Matrix multiplication with values only at masked entries

hjain · December 21, 2017, 2:26pm

I want to multiply two dense matrices A(1000000,300) and B(1000000,300). The resulting matrix will be of size million x million, which offcourse won’t fit into memory and will take forever to compute. However, I want values only at few elements which are specified in a sparse matrix C(1000000,1000000).
Is there an efficient(possibly that utilizes GPUs) way to do this on Pytorch?

munkiti · December 21, 2017, 2:32pm

Did you try just iterating over the required elements in C matrix and take dot product of corresponding row of A and column of B? Of-course i believe there can more efficient solutions, but i think this is the most basic one.

While iterating you can also use multiprocessing to run the computations on various GPU’s for various required elements in C.

hjain · December 22, 2017, 11:49am

yes but that takes a lot of time. I wanted a vectorized solution that uses inbuilt functions

richard · December 22, 2017, 5:26pm

There’s a way to do this if we restrict your mask M:
Let’s say you have a mask M such that no two 1’s in the mask are in the same row or column.

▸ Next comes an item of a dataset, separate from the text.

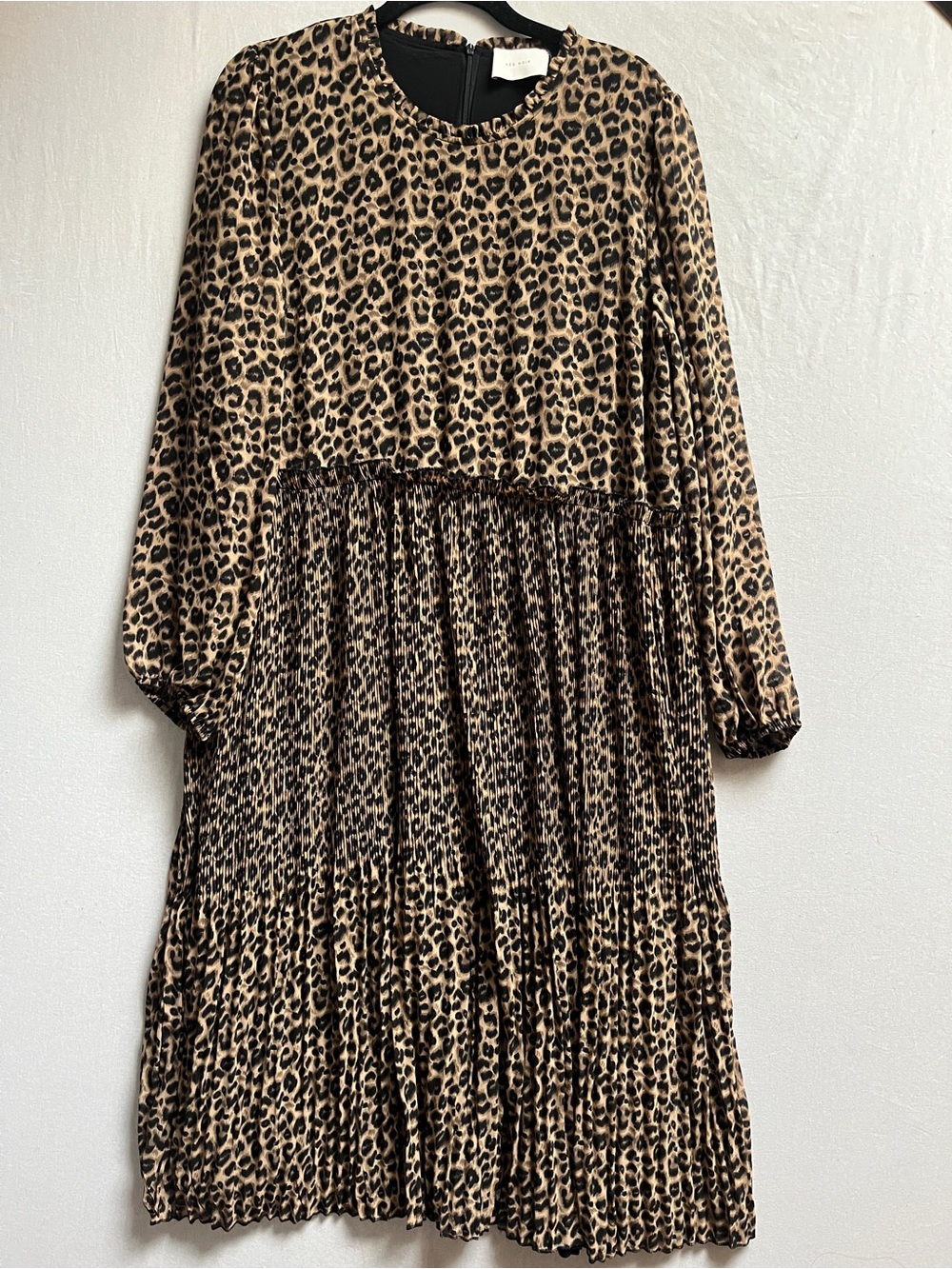 Neo Noir Leopard Print Long Sleeve Pleated Midi Dress XL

Then the following should equivalent to (z @ y) * M, where the @ sign is matrix multiplication:
(z.t() * (y @ M.t())).to_dense().sum(dim=0).diag() @ M

I think pytorch does support sparse x dense -> sparse via torch.mm. If you need a dense x sparse -> sparse (because M will probably be sparse), you can use the identity AB = ( AB )^T ^T = (B^T A^T)^T.

I haven’t actually tried out the expression above for your use case, though.

hjain · December 22, 2017, 6:42pm

Thanks a lot Richard! Unfortunately, the mask I have contains multiple ones in each row. For instance for an M of size million x million there are about 300 ones in each row.
Is there any solution for this?

hjain · February 18, 2018, 7:16pm

Any more suggestions to solve this??

tom · February 18, 2018, 8:08pm

If you have your mask 1 locations as a rows and columns LongTensors, so for example (your matrices are larger, but for demonstration purposes)

A = torch.randn(5,10)
B = torch.randn(8,10)
rows = torch.arange(0, 16, out=torch.LongTensor())%5
cols = (torch.arange(0, 16, out=torch.LongTensor())/2)%8
idxes = torch.stack([rows,cols], dim=0)
mask = torch.sparse.FloatTensor(idxes, torch.ones(16)).to_dense()

how about doing

vals = (A[rows]*B[cols]).sum(1)
res = torch.sparse.FloatTensor(idxes, vals)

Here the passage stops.